> **Supplied records**
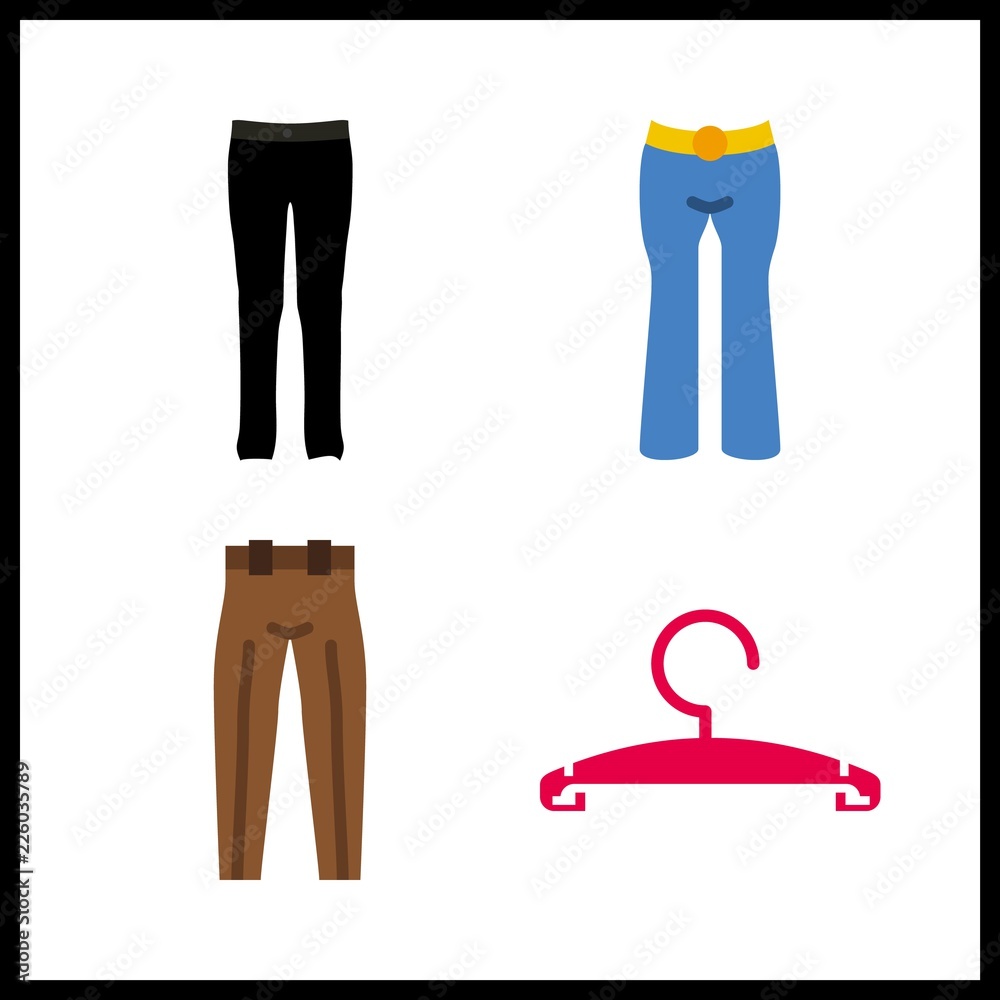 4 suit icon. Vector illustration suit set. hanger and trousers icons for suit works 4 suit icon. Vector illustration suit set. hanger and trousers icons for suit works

--

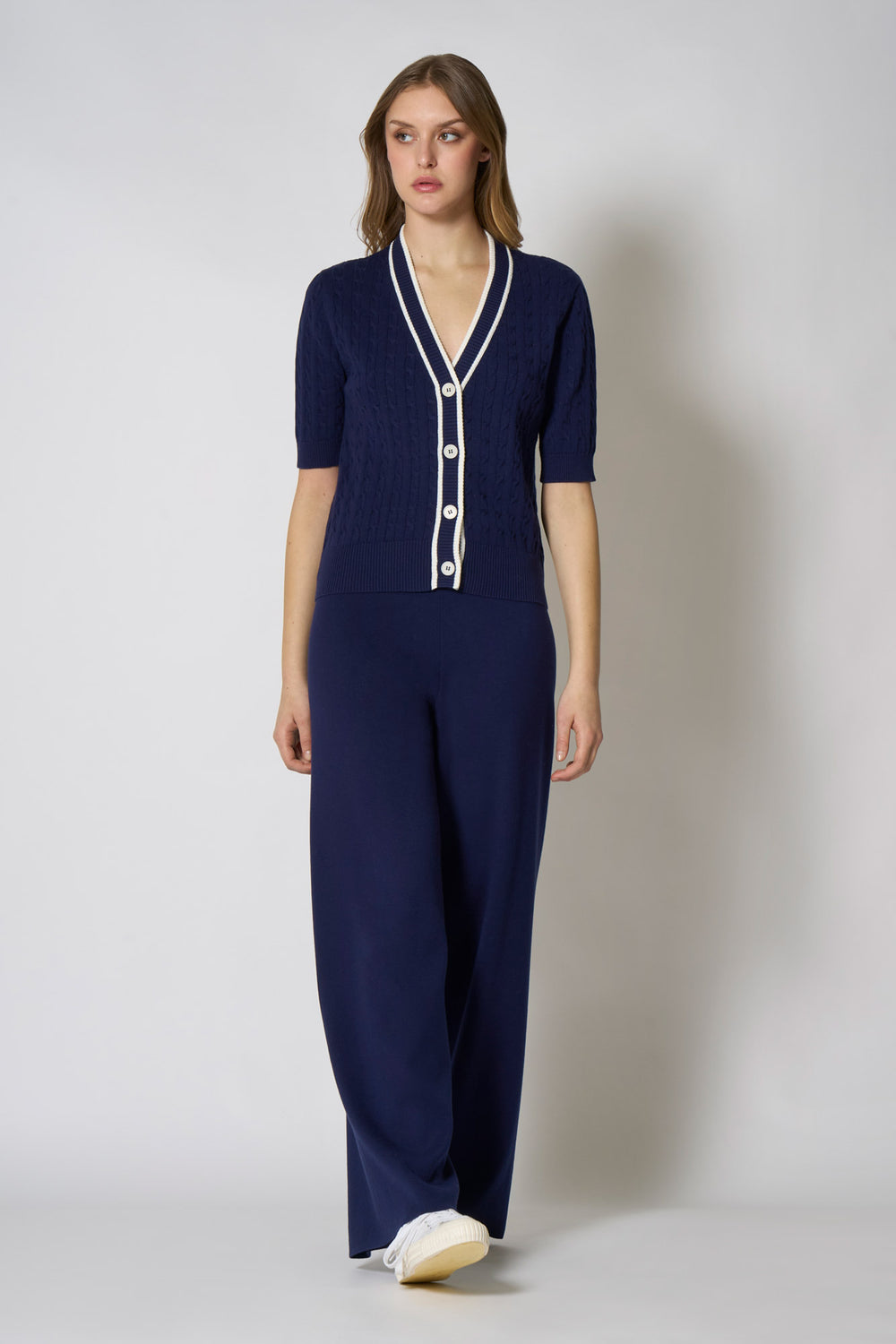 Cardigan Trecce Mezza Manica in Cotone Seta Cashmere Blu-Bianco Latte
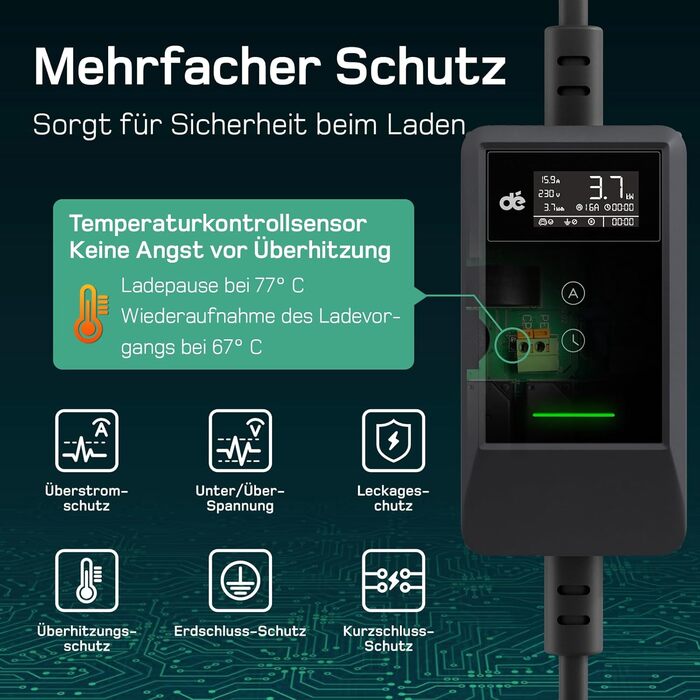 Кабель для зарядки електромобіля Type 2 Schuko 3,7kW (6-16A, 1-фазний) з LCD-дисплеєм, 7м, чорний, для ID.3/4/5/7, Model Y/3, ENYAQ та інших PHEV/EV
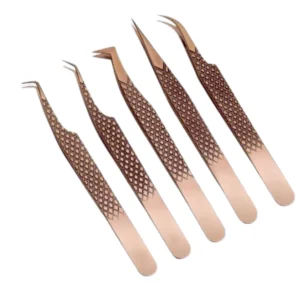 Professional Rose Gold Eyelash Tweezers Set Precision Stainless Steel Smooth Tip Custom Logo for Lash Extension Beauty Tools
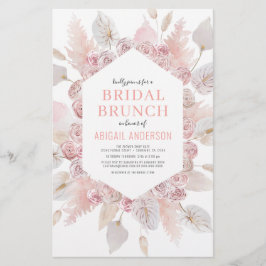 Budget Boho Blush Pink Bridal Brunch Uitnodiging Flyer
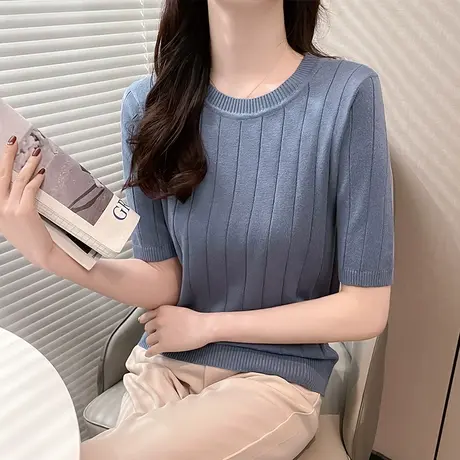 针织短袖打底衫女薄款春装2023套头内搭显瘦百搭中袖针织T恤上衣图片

* * *

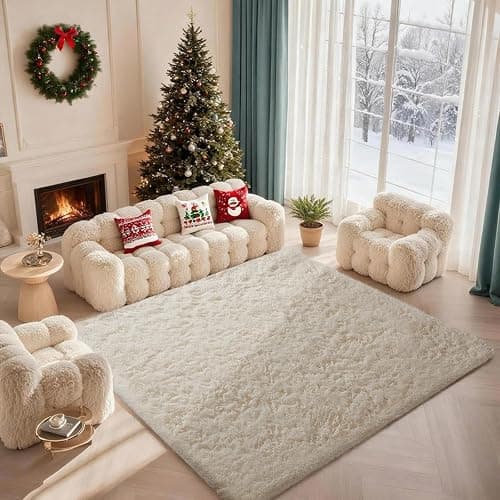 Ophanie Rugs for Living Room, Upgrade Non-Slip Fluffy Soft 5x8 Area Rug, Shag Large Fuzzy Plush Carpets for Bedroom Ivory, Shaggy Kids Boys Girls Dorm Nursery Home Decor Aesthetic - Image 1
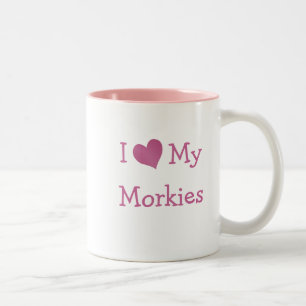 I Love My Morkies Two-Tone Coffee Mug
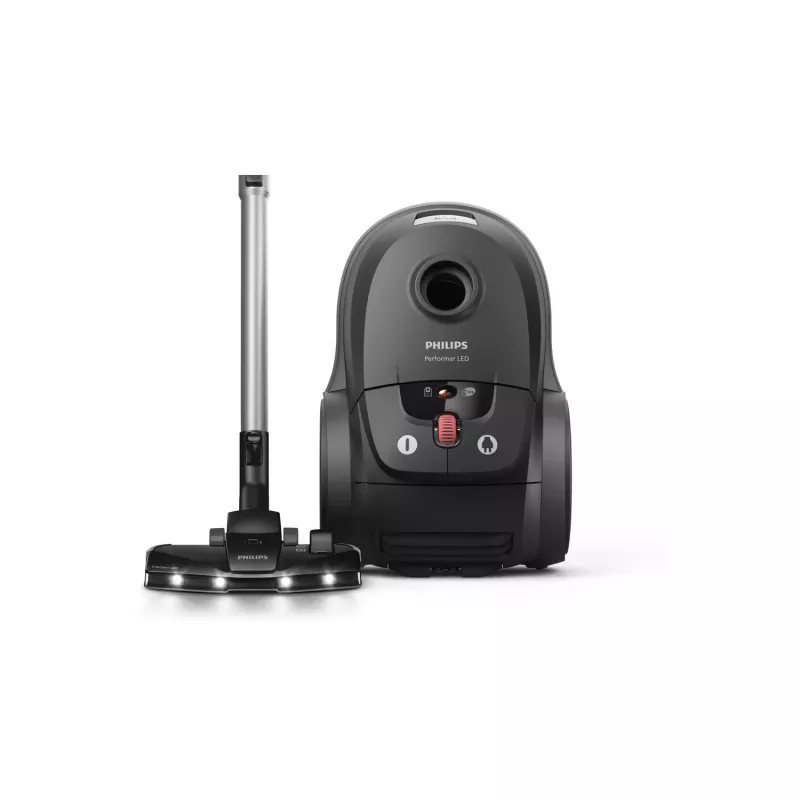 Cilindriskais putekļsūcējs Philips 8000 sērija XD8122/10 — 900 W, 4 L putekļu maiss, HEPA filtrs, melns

> **Aim of the exercise**
Please transcribe exactly the part of the records that opens with the line containing "Ophanie Rugs for" and closes with the line containing "Cilindriskais putekļsūcējs Philips", both ends included, and leave out the pictures.

> **Exercise answer**
 Ophanie Rugs for Living Room, Upgrade Non-Slip Fluffy Soft 5x8 Area Rug, Shag Large Fuzzy Plush Carpets for Bedroom Ivory, Shaggy Kids Boys Girls Dorm Nursery Home Decor Aesthetic - Image 1
 I Love My Morkies Two-Tone Coffee Mug
 Cilindriskais putekļsūcējs Philips 8000 sērija XD8122/10 — 900 W, 4 L putekļu maiss, HEPA filtrs, melns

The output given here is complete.